I've heard accounts of both pumps failing. I think enough people are using genuine Walbros without issue to at least prove the pumps aren't junk. 
If you have some specific info to the contrary then please share it


----------



## raddo (Dec 22, 1999)

*Re: (slc92)*

My Bosch is loud, but I love the fact that I know its working


_Modified by raddo at 7:44 PM 10-27-2008_


----------



## jhayesvw (Oct 3, 2001)

*Re: (raddo)*


_Quote, originally posted by *raddo* »_My Bosch is loud, but I love the fact that I know its working

_Modified by raddo at 7:44 PM 10-27-2008_

exactly. if its loud, you know its running. nothing wrong with that.


----------



## 97VRT (Mar 6, 2007)

*Re: (jhayesvw)*

i just got my bosch 044 for free from my freind http://****************.com/smile/emthup.gif . and it wasn't that loud, you could here it at idle but it wasn't bad at all. for the new build


----------



## CorradoMagic (Apr 11, 2008)

Isolate the mounting to keep the vibrations from reverbing through the chasiss.

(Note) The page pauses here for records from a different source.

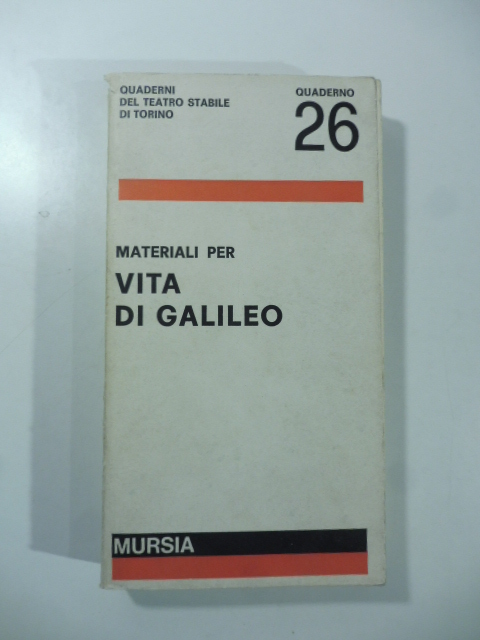 Materiali per vita di Galileo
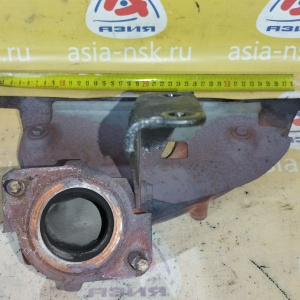 Коллектор выпускной Toyota 4A-F/4A-FE Carina/Corolla AT170/AE92/AE95 2WD/4WD EUROPE без отверстия под датчик 1 выход 2 болта 17141-16220/17141-16221
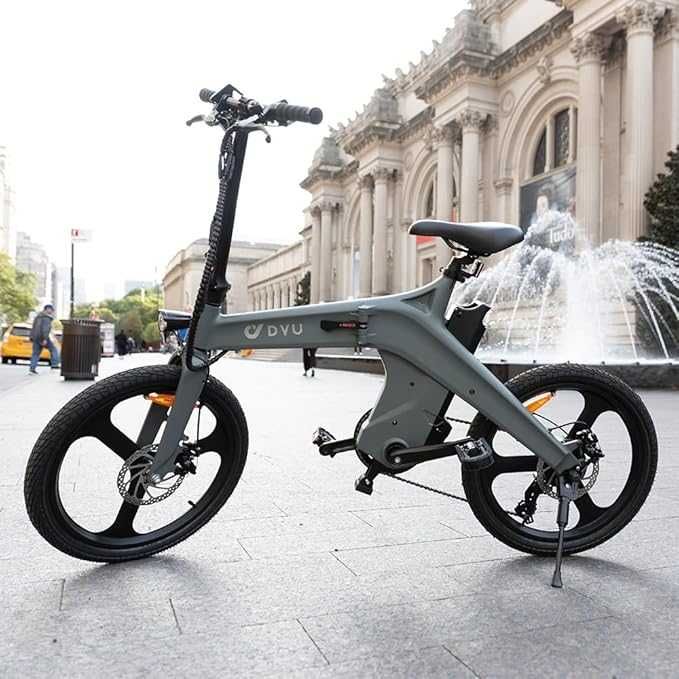 Сгъваемо електрическо колело DYU T1 500W 36V 10Ah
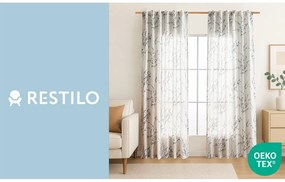 Кремаво перде 135x250 cm Ramita – Restilo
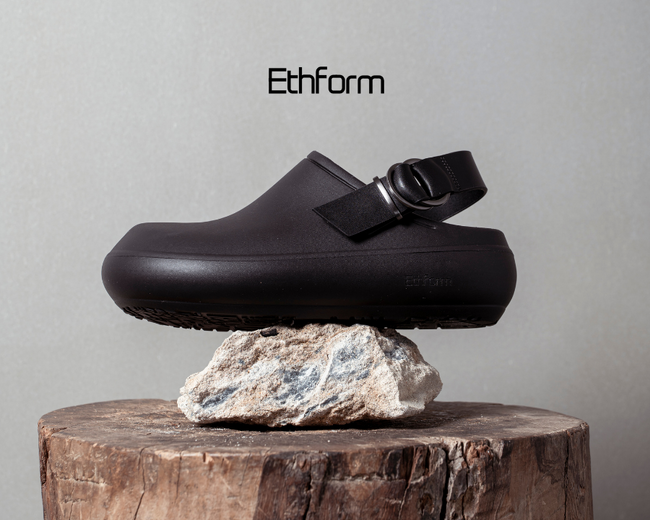 新シューズブランド【Ethform】がローンチ！快適さとトレンドを両立したEVA素材の新たなスタンダード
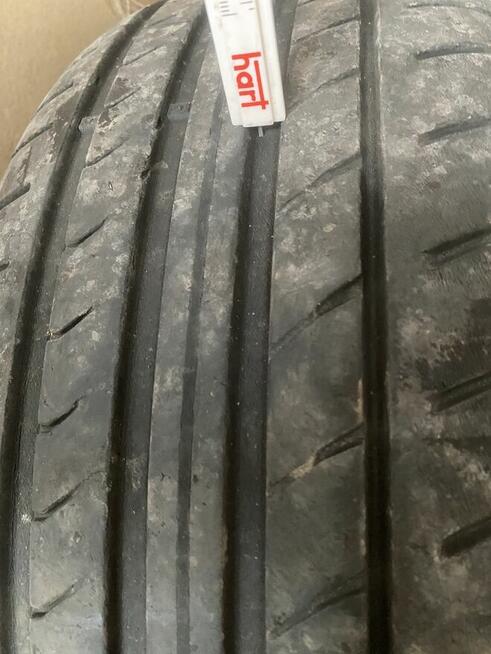 DUNLOP Opony używane sport BluResponse 205/55/16
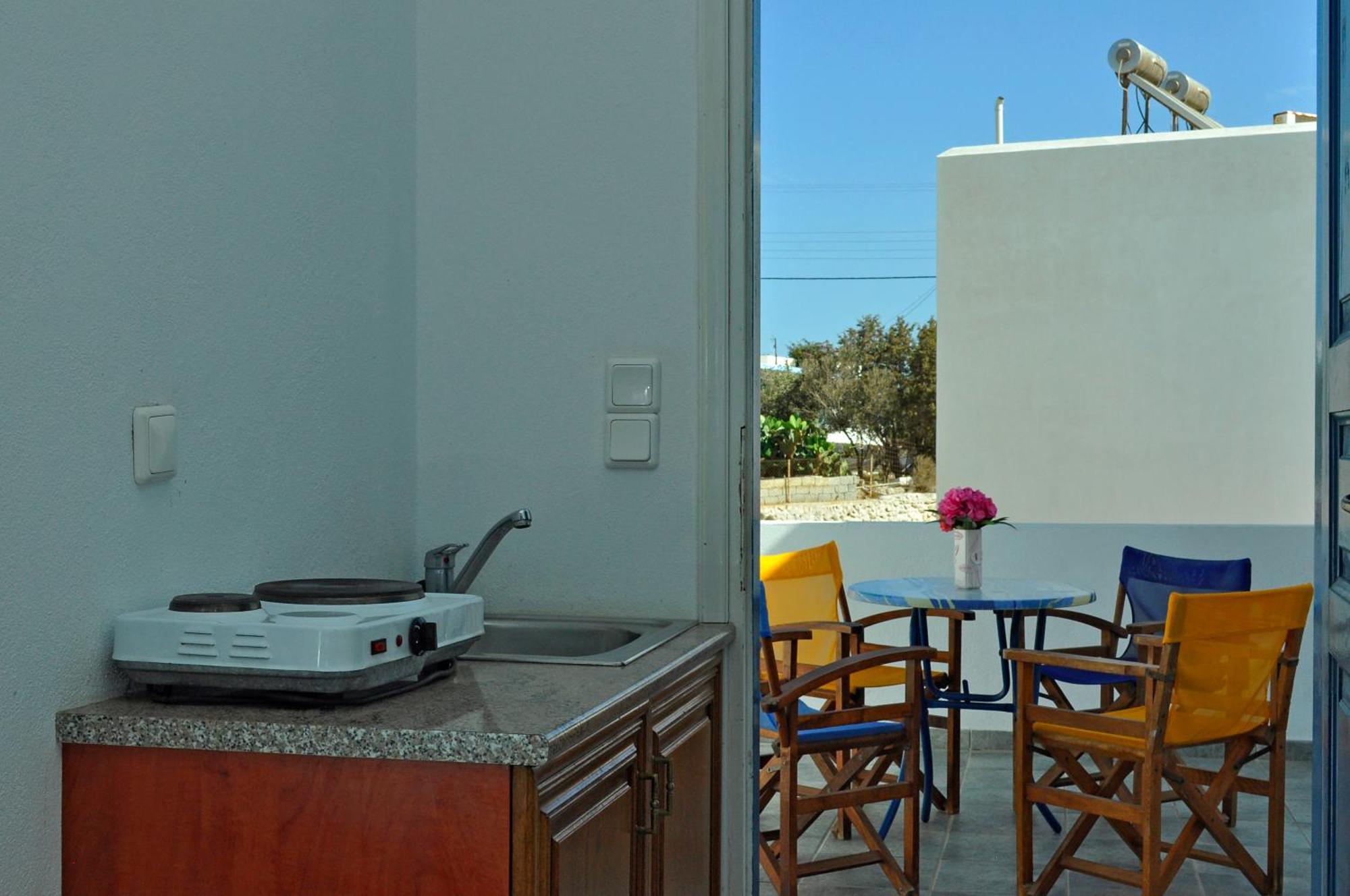Atlantida Hotel Koufonisia Dış mekan fotoğraf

Rubber bushings, isolated mount, etc. my 044 is horribly loud, changed the way I felt about my car (& I have a V1 w/ cogged belt no less). 
Mounting creatively will keep the hums/vibes down.


----------



## eurobred (Jun 10, 2005)

*Re: (CorradoMagic)*

i bought a Holley Blue, im gona see how that goes once my car is done


----------



## slc92 (Feb 9, 2005)

*Re: (eurobred)*

Walbro GSL 392 255lph High Pressure on it's way for $115 shipped http://****************.com/smile/emthup.gif 
Ordered a USRT prefabbed wiring kit as well. Could have done the wiring cheaper I'm sure, but it should save me some time which is more valuable than money right now


----------



## MKII16v (Oct 23, 1999)

*Re: (slc92)*

My 044 is super loud. Its installed after the fuel filter. I think the fuel may be getting aerated coming out of the filter causing the 044 to be much louder than it should. I let it feed directly from a bucket of fuel and it was almost silent.


----------



## NoMoreHonduh (Apr 24, 2006)

I can't even hear my 044 but the Walbro my buddy has in his Evo is LOUD. Mine is wrapped in sound deadening material and that was enough to kill the whine.


----------